Peki, Arsenal yıldızlarını birer birer elinden çıkarmasına rağmen nasıl böyle başarılı olabiliyor? Arsenal'in başına 28
Eylül 1996'da 'geleceğin menajeri' tanıtımıyla geçen Arsene
Wenger, kısa sürede başarılı bir
ekip oluşturdu. Takımını 1998'de ligin zirvesine taşıyarak Ada'da
şampiyonluk kazanan Britanya dışından gelen 'ilk
yabancı' oldu. Wenger'in sahaya yansıttığı oyun sistemi 'Arsenal matkabı' olarak tanımlanıyordu. Zira bu sistemde
rakip defans zor durumda bırakılırken, orta sahada rakibe boş alan vermiyordu. Wenger, Arsenal'de 11 yılı devirirken;
kombine oyun,
teknik, hızlı oyuncular ve başarıya aç
gençlerle adından sürekli söz ettirdi.
Wenger'in ilginç bir yönü ise;
transfer politikası. Yaşı 30'u geçmiş oyunculara sadece mukavelelerinin bir yıl olmasını
teklif ediyor. Bu şarttan dolayı Campbell, Pires takımla yollarını ayırırken, Henry ve Vieira'nın gidişinde bu sistemin etkili olduğu konuşuluyor. Ücretinde düşüşe razı olmayan
Ashley Cole ise Chelsea'ye satıldı. Gençlere şans veren Wenger'in tek istisnası Hollandalı Dennis Bergkamp oldu. Wenger, Bergkamp'ı 36 yaşına kadar kadrosunda tutarak, futbolu bırakmasını iki yıl erteletti.

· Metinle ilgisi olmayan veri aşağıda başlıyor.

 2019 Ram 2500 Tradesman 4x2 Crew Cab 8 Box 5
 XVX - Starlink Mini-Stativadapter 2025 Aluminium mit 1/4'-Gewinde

Arsenal'in kadrosunda 30 yaş ve üstünde sadece 4 isim bulunuyor. Kaleciler Jens Lehmann 38, Almunia 30, defanstaki Gallas 30 ve orta saha oyuncusu Gilberto Silva 31 yaşında. Diğer oyuncuların
doğum tarihi 1980'den sonra. Diğer oyuncuların yaşları 18 ile 27 arasında değişiyor. Ligde ve Devler Ligi'nde yenilgisiz yoluna devam eden Arsenal, genç kadrosu ve Wenger'in tecrübesiyle korkulan bir ekip oldu. Bu
sezon takımdan ayrılan Henry,
Reyes, Baptista, Ljungberg takımın gücünü azaltmadı.